> _ACTIVITY_: Look through the entries below for the line with "people, communication, technology" and the line with "Wrapping hands before boxing match", then give again exactly those two lines and all lines between them, minus the pictures.

> _RECORDS FOR THIS TASK_:

┄┄┄┄┄┄┄┄┄┄

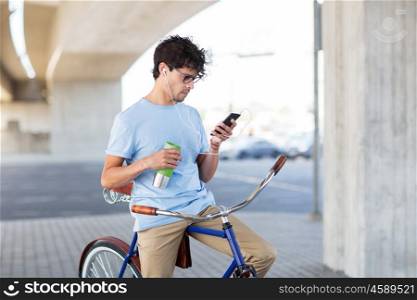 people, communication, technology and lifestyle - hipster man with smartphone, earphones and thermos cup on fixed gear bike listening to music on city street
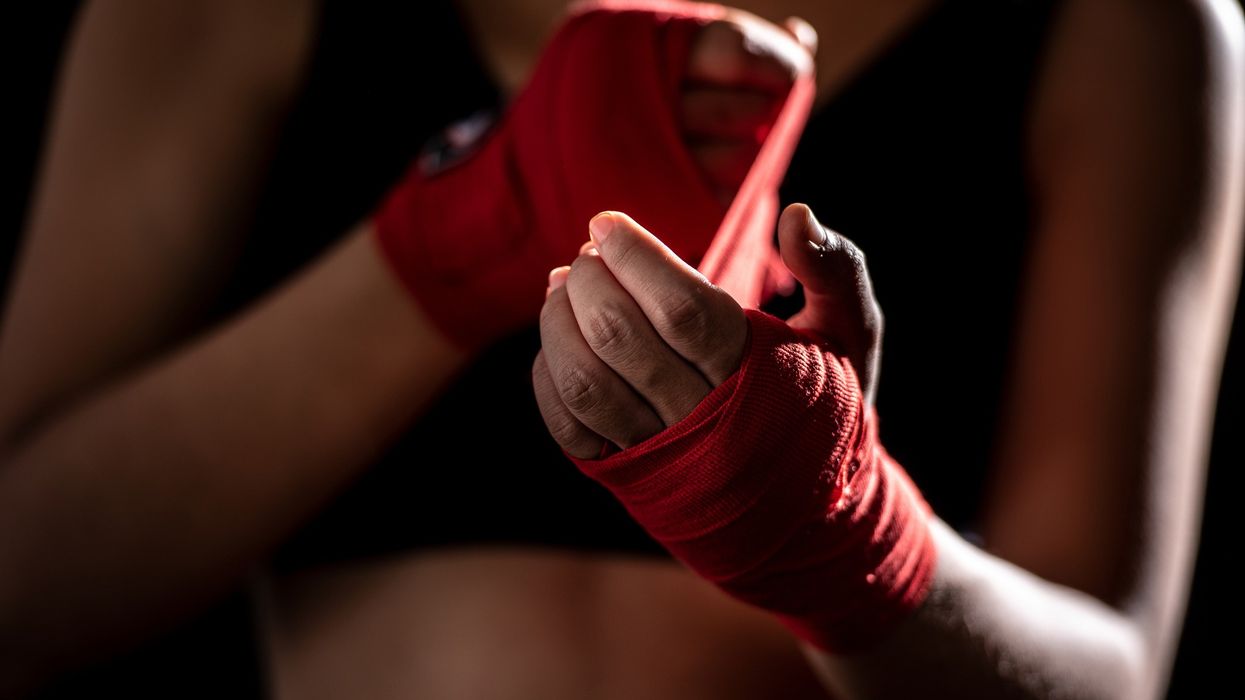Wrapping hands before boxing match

┄┄┄┄┄┄┄┄┄┄

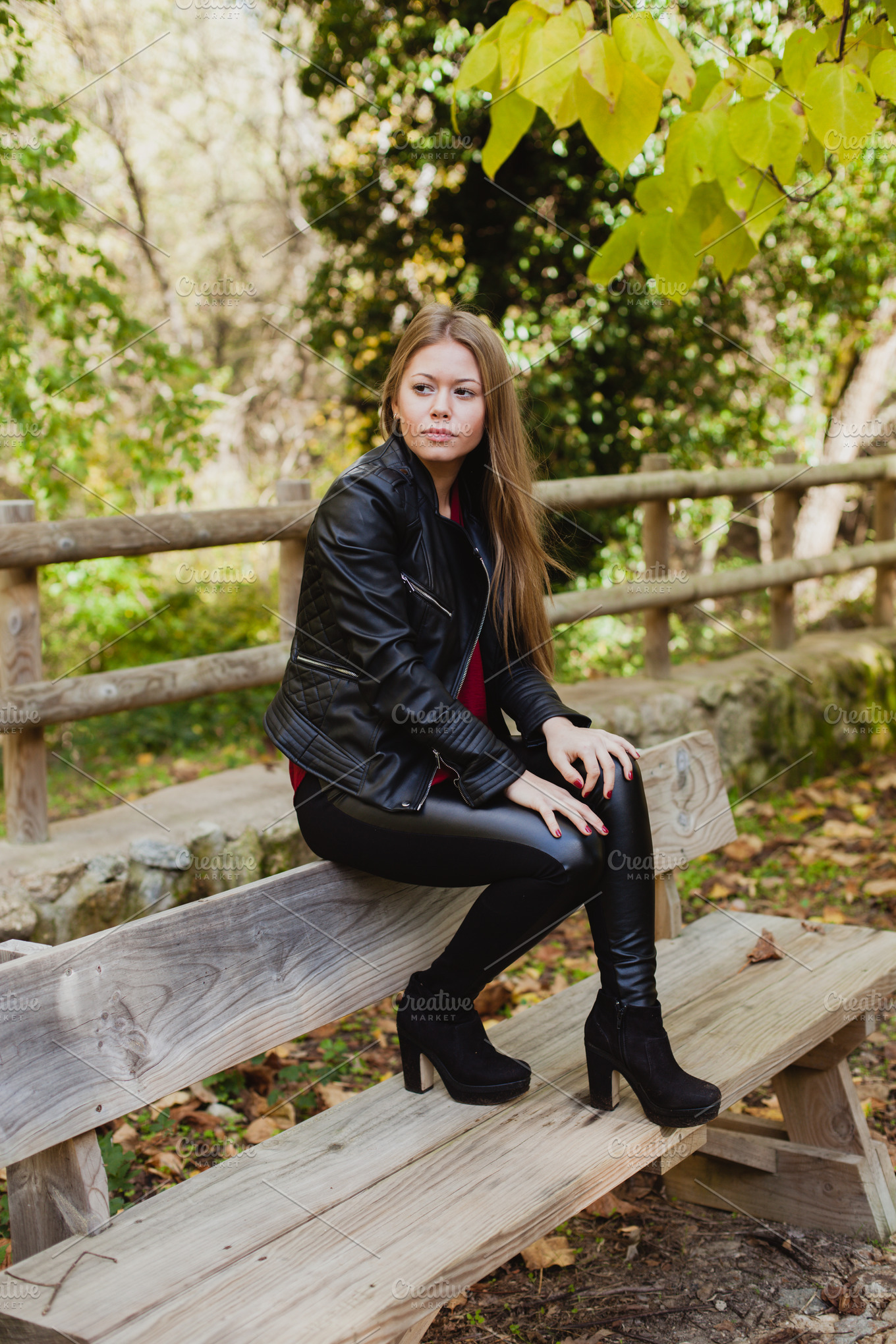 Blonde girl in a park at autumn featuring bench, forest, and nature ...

┄┄┄┄┄┄┄┄┄┄

> _ANSWER TO THE EXERCISE_:
 people, communication, technology and lifestyle - hipster man with smartphone, earphones and thermos cup on fixed gear bike listening to music on city street
Wrapping hands before boxing match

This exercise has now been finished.